***** Record set *****

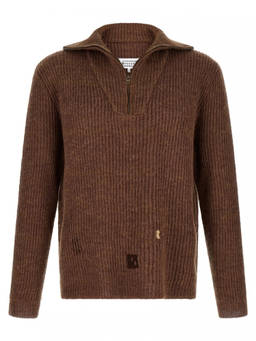 Maison Margiela - Brown Knitted Sweater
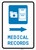 Medical Records Right Arrow with Icon Portrait - Wall Sign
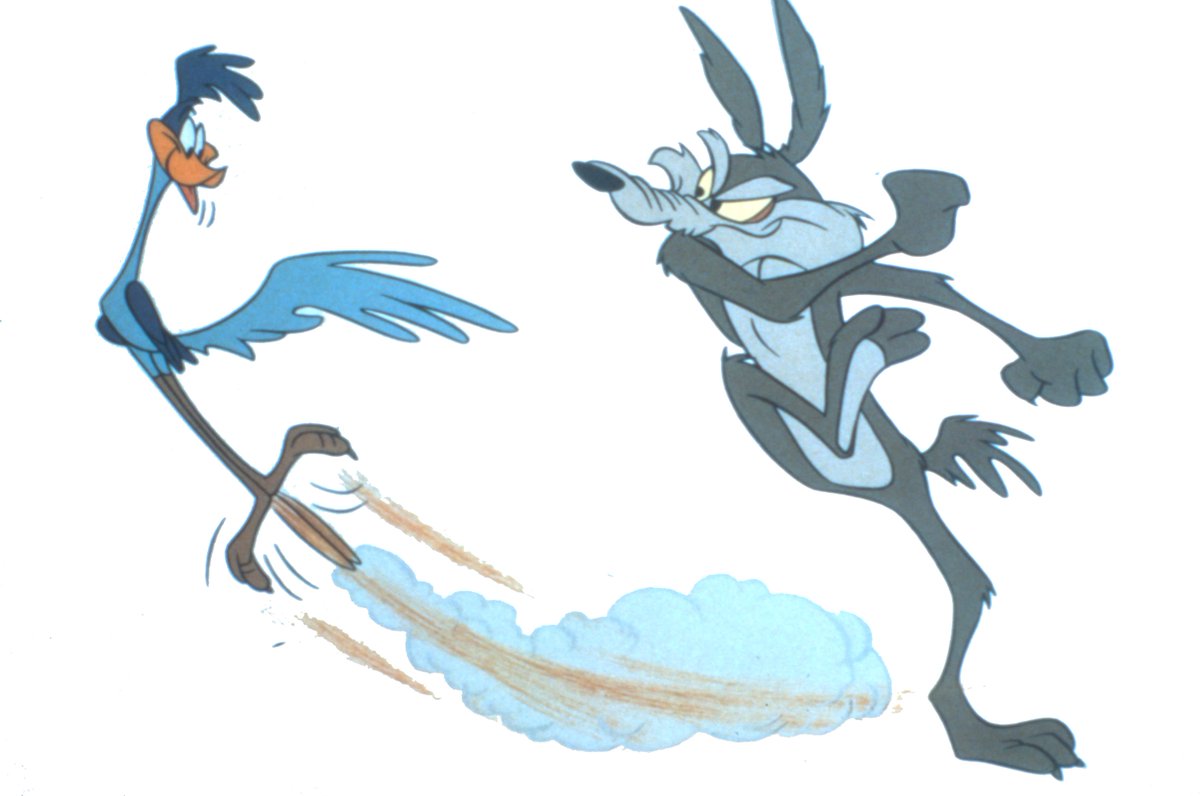 tooninwithmetv's tweet photo. Good morning, Tooners!
Bill and Toony celebrate the debut of Wile E. Coyote and Road Runner!
It’s an all-Wile E. Coyote and Road Runner lineup!
#ToonInWithMe #metv https://t.co/iXgVVmsBeX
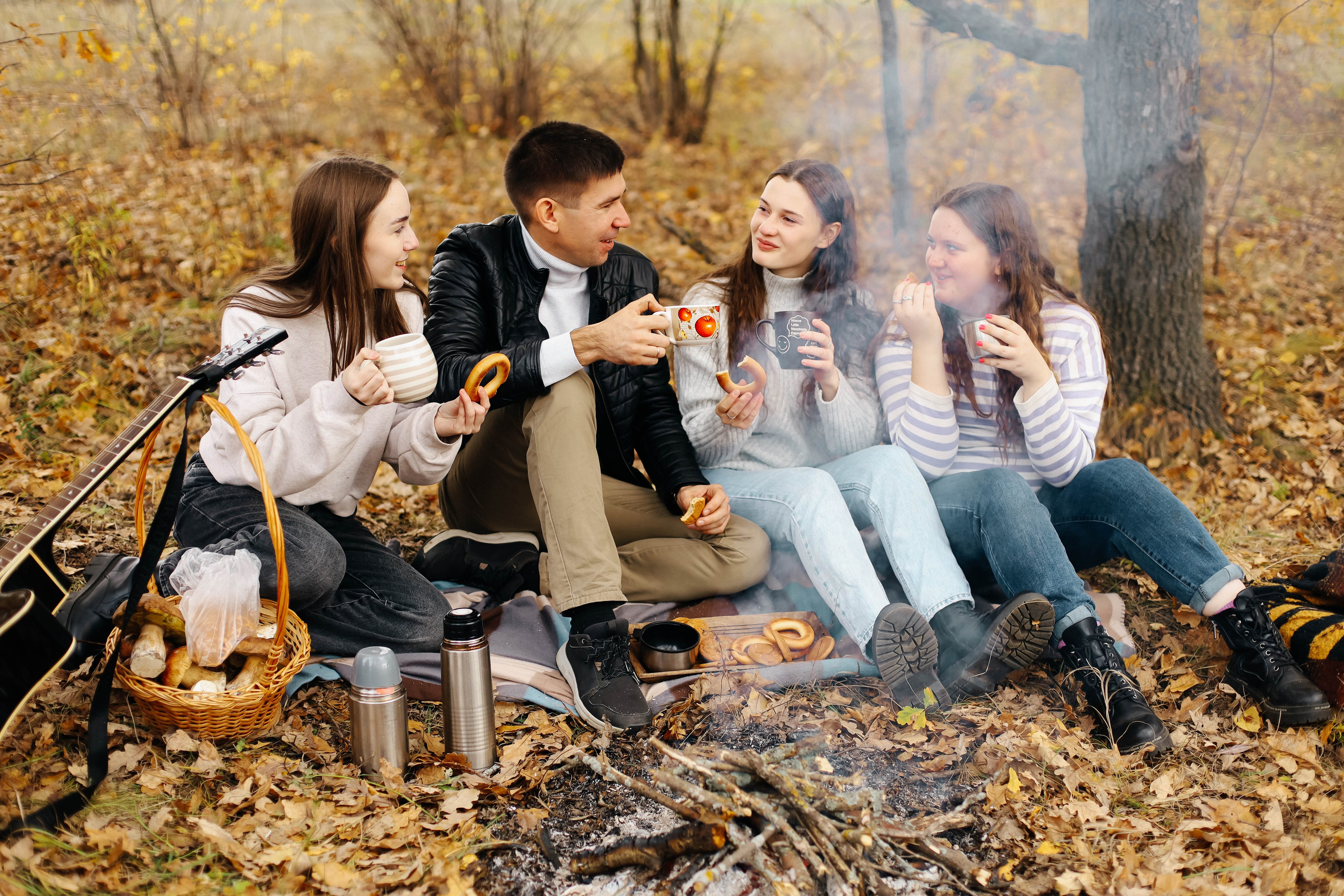 Осенняя фотосессия класса. Семейный и свадебный фотограф в Пензе Валерия Филюкова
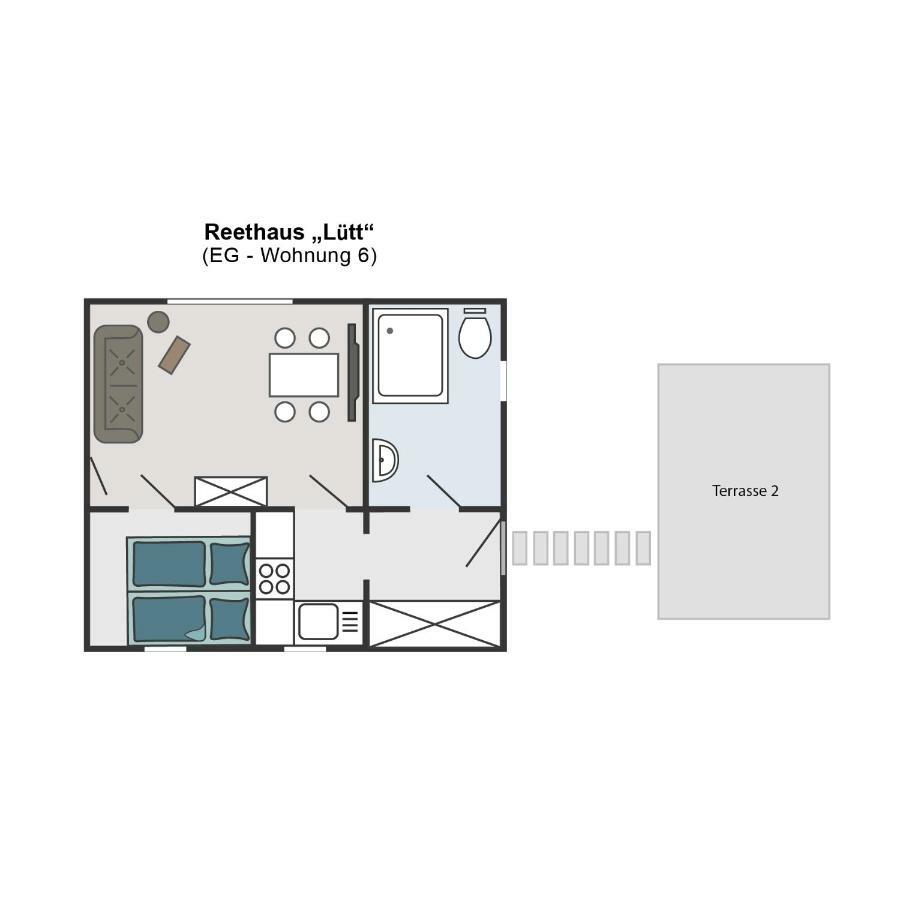 Reetferienhaus - Schaprode Hafen Eksteriør bilde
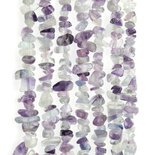 Perle Fluorite Naturelle Facettée 16 Mm - Fil De 39 Cm - Multicolore Transparente - Qualité Excellente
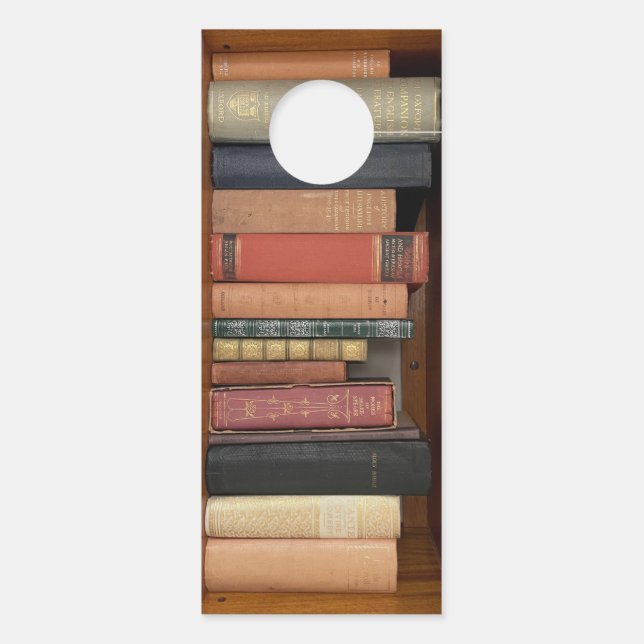 Aviso De Porta Livros (Verso)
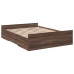 Cama con cajones madera de ingeniería marrón roble 120x190 cm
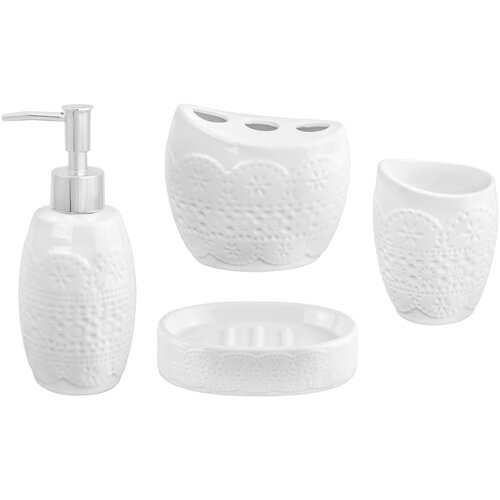 фото Набор для ванной 4 пр. "кружево" elan gallery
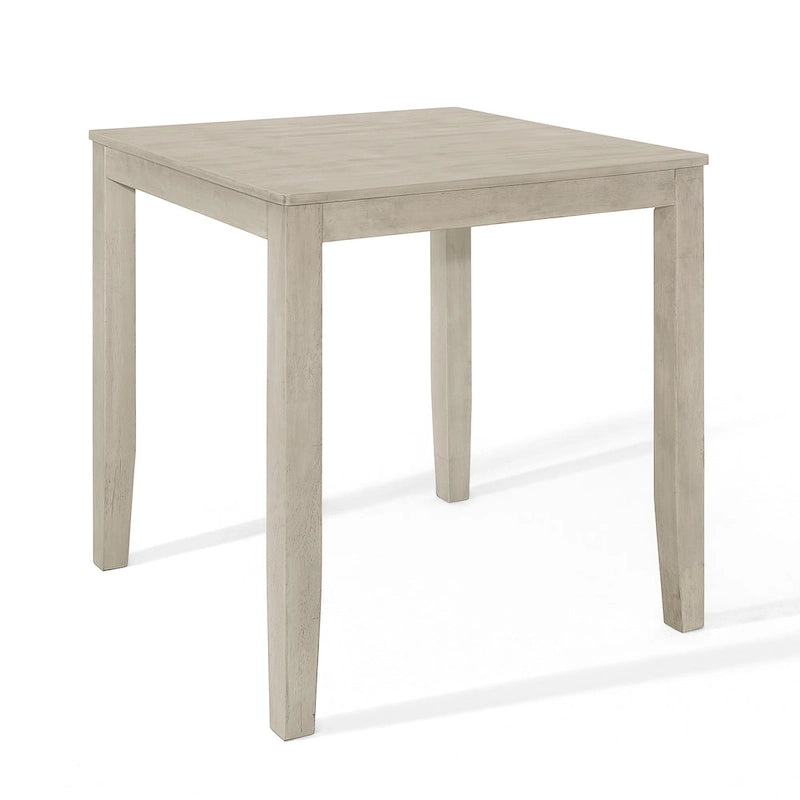 Table à manger hauteur comptoir gris aux lignes épurées – Design moderne et minimaliste avec cadre robuste | Table de cuisine et de bar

*****

Give again, word for word, only the lines that run from the top of the data above through the line with "фото Набор для". Drop the pictures.

• _Task answer_
 Maison Margiela - Brown Knitted Sweater
 Medical Records Right Arrow with Icon Portrait - Wall Sign
 tooninwithmetv's tweet photo. Good morning, Tooners!
Bill and Toony celebrate the debut of Wile E. Coyote and Road Runner!
It’s an all-Wile E. Coyote and Road Runner lineup!
#ToonInWithMe #metv https://t.co/iXgVVmsBeX
 Осенняя фотосессия класса. Семейный и свадебный фотограф в Пензе Валерия Филюкова
 Reetferienhaus - Schaprode Hafen Eksteriør bilde
 Perle Fluorite Naturelle Facettée 16 Mm - Fil De 39 Cm - Multicolore Transparente - Qualité Excellente
 Aviso De Porta Livros (Verso)
 Cama con cajones madera de ingeniería marrón roble 120x190 cm
 фото Набор для ванной 4 пр. "кружево" elan gallery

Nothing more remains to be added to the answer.